Federação das Indústrias do Estado do Rio de Janeiro
Para a Firjan (Federação das Indústrias do Estado do Rio de Janeiro) o retorno da Selic aos dois dígitos “dificultará ainda mais a retomada do crescimento doméstico, principalmente se levada em consideração a perspectiva de redução da liquidez internacional em um horizonte próximo, quando o aumento do diferencial de juros exigirá novos aumentos dos juros básicos brasileiros”, disse a instituição em nota
Confederação Nacional da Indústria
Para a CNI (Confederação Nacional da Indústria) a alta inibirá a expansão dos investimentos privados. Destaca, ainda, que os reflexos da elevação dos juros sobre o comportamento da inflação são defasados, ocorrendo somente no início de 2014.
Reconhece, contudo, que o Copom deve continuar monitorando o processo inflacionário. “A desaceleração nos preços dos alimentos tem fatores sazonais. Eventuais choques de oferta podem reverter essa trajetória. Além disso, o fim do efeito das desonerações realizadas em 2013 sobre os índices tende a pressionar os preços administrados”, destaca.
Trabalhadores
Em nota, a Contraf-CUT (Confederação Nacional dos Trabalhadores do Ramo Financeiro) também criticou a decisão do Copom. “O Copom mostra que é surdo, pois não ouviu o clamor das centrais sindicais que ontem mobilizaram 3 mil trabalhadores em frente ao Banco Central e cobraram menos juros e mais emprego”, afirma Carlos Cordeiro, presidente da confederação.
Para ele, “não há nenhuma justificativa plausível para elevar os juros.
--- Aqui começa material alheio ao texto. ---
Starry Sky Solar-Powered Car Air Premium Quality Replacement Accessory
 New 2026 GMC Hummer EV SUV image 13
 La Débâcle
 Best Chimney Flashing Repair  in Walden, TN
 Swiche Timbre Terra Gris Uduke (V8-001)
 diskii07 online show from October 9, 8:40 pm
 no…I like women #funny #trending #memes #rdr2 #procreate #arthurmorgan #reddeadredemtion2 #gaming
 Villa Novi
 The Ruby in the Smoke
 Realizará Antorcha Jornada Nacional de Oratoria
O Copom mais uma vez cedeu às pressões do mercado financeiro e dos especuladores”, critica. Na visão da confederação, a inflação está controlada e o câmbio, estável, o que não serve de argumento para a alta da Selic.
Federação do Comércio de Bens Serviços e Turismo do Estado de SP
Para a Fecomércio (Federação do Comércio de Bens Serviços e Turismo do Estado de São Paulo) a decisão do Copom foi necessária para o combate da inflação, mesmo ponderando que o juro real ser elevado diante do fraco desempenho econômico.
O atual nível da Selic representa juro real de 4,25% — a inflação acumulada pelo IPCA é de 5,5%. Apesar de o juro real ser elevado diante do fraco desempenho econômico, a FecomercioSP entende que a decisão do Copom foi necessária para o combate da inflação.
ACSP e Facesp
Já o presidente da ACSP (Associação Comercial de São Paulo) e da Facesp (Federação das Associações Comerciais do Estado de São Paulo), Rogério Amato, diz que a alta terá implicações negativas para as atividades econômicas, cujo ritmo vem desacelerando nos últimos meses. “É preciso maior clareza e rigor da política fiscal, para que o Banco Central possa interromper a elevação da taxa de juros nos próximos meses”.